EDGE: Who's your favorite new character?

DeLaria: My favorite new character is Jimmy, whom we see leave this season. She's one of the old crazy girls, and whenever she opened her mouth she was saying something hilarious. Then she got you with her leaving at the end. I actually wept when we were shooting the scene where they took her away. I knew it was coming, and I still wept. You get emotionally invested in that character. Of all the new characters, Jimmy's my favorite.

EDGE: Who do you think is the baddest bitch in Season Two?

DeLaria: Obviously Vee, but I really would like to see Boo and Crazy Eyes in a match-up. We sort of got that with Season One, when Crazy Eyes was so crazy even Boo was afraid of her. But if it came down to a fight, I would like to see who would win.

EDGE: Boo and Nicky hold a contest to see how much prison ass they can tap. Is that bad or just funny? In our last interview you told us a bit about some of the hijinks you had with co-star Natasha Lyonne. Can you share a story of something that happened while taping Season Two?

DeLaria: It's really hard to pick even one story between the two of us, because, honestly, whenever we are working together there is a lot of comedy. During the bang-off, all we did was try and make each other laugh by ad-libbing, saying horrible shit with the camera running, to see if you could make the other guy break. We're both hard as stone, and we won't break. There are quite a few things said between the two of us that weren't in the script. That's basically how it is with me and Lyonne. Oh, the stories I could tell about what happens every time we do a scene together!

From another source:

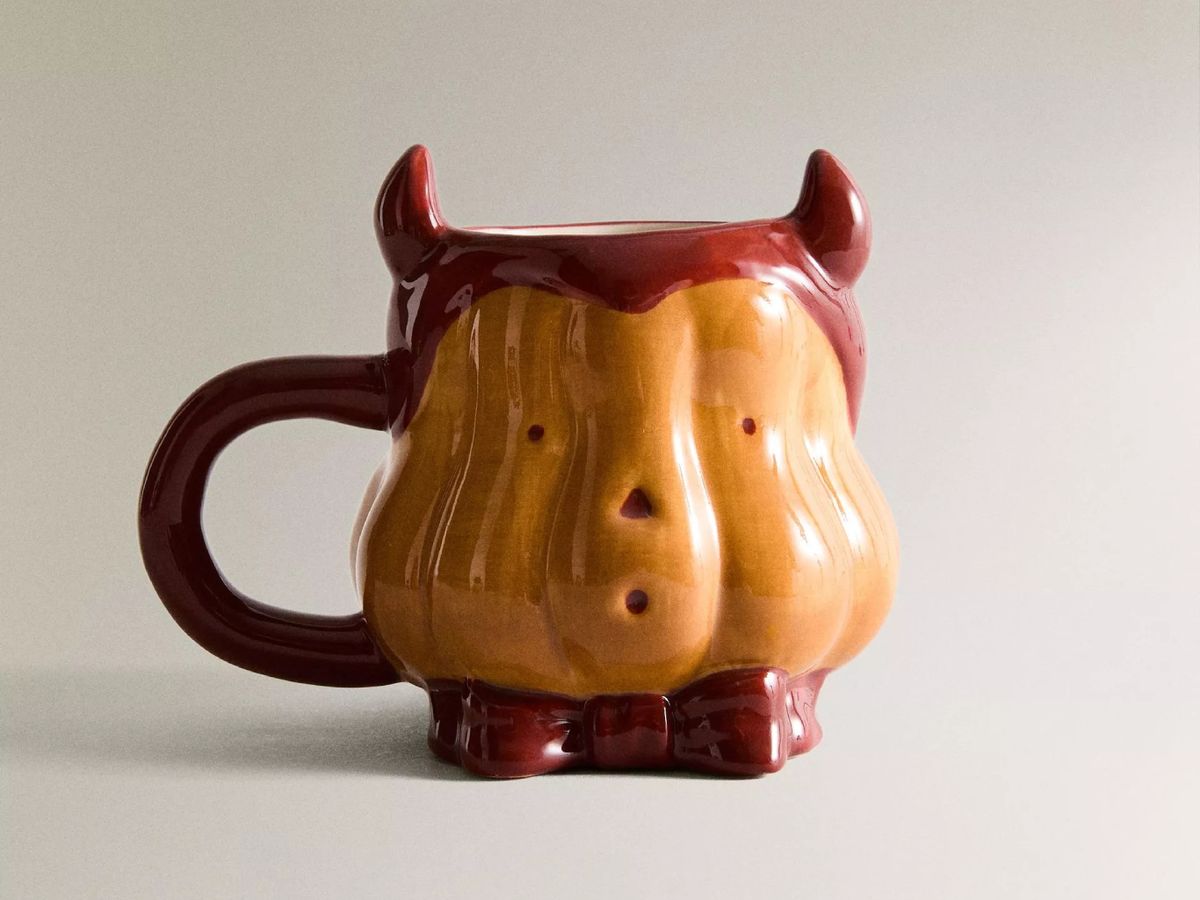 Una taza con guiño travieso que convierte cualquier merienda en parte de la fiesta.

  (Source:Courtesy Netflix)

EDGE: What was your favorite scene to shoot?

DeLaria: My favorite to shoot was the scene between Pennsatucky and Boo about the lesbian agenda. Taryn [Manning] and I are good friends; we spend time off set, do Sunday brunch, so getting to work with her is great. The funniest scene to shoot was the scene with the peanut butter and the dog, when Boo goes, "It got weird." It's the funniest of all the lines in Season Two. The next one is "clitterference." I laughed so hard! Sometimes I think the writers sit around thinking of the most twisted things, and then give me the craziest shit to do. Just call me "anything for a laugh DeLaria."

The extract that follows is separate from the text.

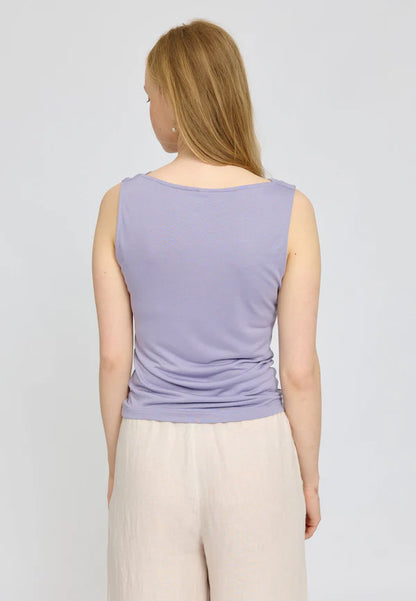 Wasserfall T-shirt aus Ecovero in faded lavender von Mazine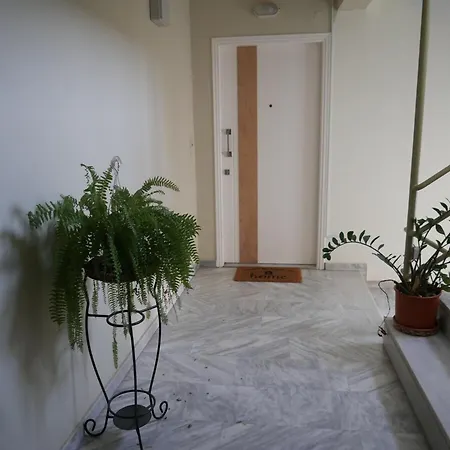 Apartmán Gio's Cosy With Private Balcony *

EDGE: What's the worst crime you ever committed -- and being a triple threat doesn't count...

DeLaria: I did tons of civil disobedience and protests; it came with the territory, being heavily involved with ACT UP. In San Francisco when they reinstated the draft in early '80s, we did a huge spray painting on the 101 viaduct that read: "No draft no war, U.S. out of El Salvador." I was always involved in stuff like that: protests, rallies, arrests. Any time I've ever been arrested, it's always been because of some queer-related protest.

EDGE: Pornstache is back this season, briefly. Is he the same old bad guy, or does his love for Diaz and her baby make him less bad?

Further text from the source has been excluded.